# [TASK DIRECTIONS]
Please return all of the material exactly, with no line missing.

# [DATA SHOWN]

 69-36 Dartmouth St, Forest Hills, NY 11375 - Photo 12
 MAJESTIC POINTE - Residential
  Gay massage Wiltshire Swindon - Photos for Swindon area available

# [SOLUTION TO THIS EXERCISE]
 69-36 Dartmouth St, Forest Hills, NY 11375 - Photo 12
 MAJESTIC POINTE - Residential
  Gay massage Wiltshire Swindon - Photos for Swindon area available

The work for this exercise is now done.